Maxillofacial Injury

Although unusual, teeth and/or associated structures may be aspirated. These foreign objects may become lodged in the supraglottic, glottic, or laryngeal area, or below the carina in the bronchi. A foreign object in the supraglottic, glottic, or laryngeal area may cause partial or complete obstruction. Immediate removal is indicated. General anesthesia should be considered for the patient with a partial obstruction, because anything that causes agitation of the patient could result in movement, resulting in a total obstruction.

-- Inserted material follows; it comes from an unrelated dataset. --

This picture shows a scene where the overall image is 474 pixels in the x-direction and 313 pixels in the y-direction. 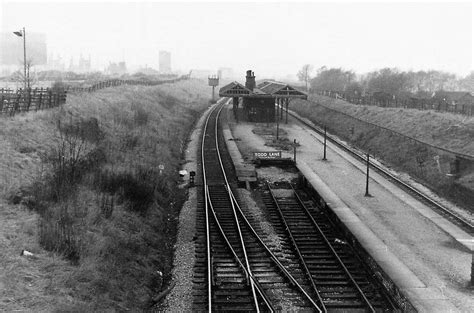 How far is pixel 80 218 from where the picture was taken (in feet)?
46.5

Alternatively, a foreign object that is aspirated into a bronchus is an urgent situation as opposed to an emergent situation. Maneuvers such as coughing should be avoided because they could dislodge the object so that it becomes wedged above the carina, causing a complete as opposed to a partial obstruction. The surgeon must also be cognizant that aspirated foreign objects are not always symptomatic. They frequently are not considered and may be only incidentally detected during laryngoscopy or evaluation of a chest radiograph, which should always be inspected for foreign material.

Maxillofacial injuries usually do not result in significant hemorrhage. However, in the traumatized patient, hemorrhage into the airway may increase airway irritability or cause laryngospasm, both of which impair ventilation. Impaired reflexes in the obtunded patient or significant hemorrhage may also lead to aspiration of blood. Patients are actually at more risk for aspirating blood than gastric contents. Vascular injury does not have to produce evident hemorrhage. A hematoma may cause a narrowing of the pharynx or superior-posterior displacement of the tongue, which will lead to partial or complete obstruction of the airway. The hematoma or edema may also cause vascular congestion that compounds the narrowing of the airway, contributing to respiratory distress. The edema or hematoma formation may not necessarily be noted extraorally. The swelling may also take several hours to become clinically significant and occlude the airway. An injury to the tongue represents an example of this, in which the extent of swelling may be unimpressive on initial examination, with delayed edema causing airway obstruction. Hemorrhage within soft tissue is more common with penetrating head and neck injuries as opposed to blunt injuries. Another consideration with soft tissue injuries is the potential distortion of the anatomy so that a mask fit cannot be satisfactorily achieved.

Certain fractures of the maxillofacial complex have the potential to compromise the airway. Mandibular fractures (e.g., bilateral parasymphyseal or condylar fractures) can result in posterior displacement of the tongue and paraglottic soft tissue, resulting in partial or complete respiratory obstruction. Establishment of a patent airway can usually be achieved by traction on the anterior mandibular segment and/or tongue, pulling either or both forward, away from the posterior pharyngeal wall. One method used to maintain anterior traction on the tongue is to place a heavy suture or towel clamp through the anterior midline of the tongue. The placement of the suture through the midline avoids injuring a vessel. Reducing the fracture using maxillomandibular fixation or interdental wires may also reduce the posterior displacement of the tongue and paraglottic soft tissue, alleviating the airway obstruction. The placement of a nasopharyngeal or oropharyngeal airway may also assist in establishing a patent airway when the tongue is displaced posteriorly.

Le Fort fractures produce a disruption of the pterygoid plates that may result in the posterior displacement of the maxilla. At the Le Fort I level, this may result in an anterior open bite but generally does not produce airway obstruction secondary to the skeletal displacement. The severity of the open bite, however, may cause difficulty in achieving a satisfactory mask fit. Posterior and downward displacement of a Le Fort III fracture may result in obstruction of the nasopharynx. The disruption of the skeletal stability, with its associated effect on the soft tissue of the pharynx, may contribute to obstruction during negative pressure inspiration.⁴ Nasal fractures may also cause nasopharyngeal obstruction. The hemorrhage associated with a nasal fracture may be sufficient to result in airway irritability and aspiration of blood.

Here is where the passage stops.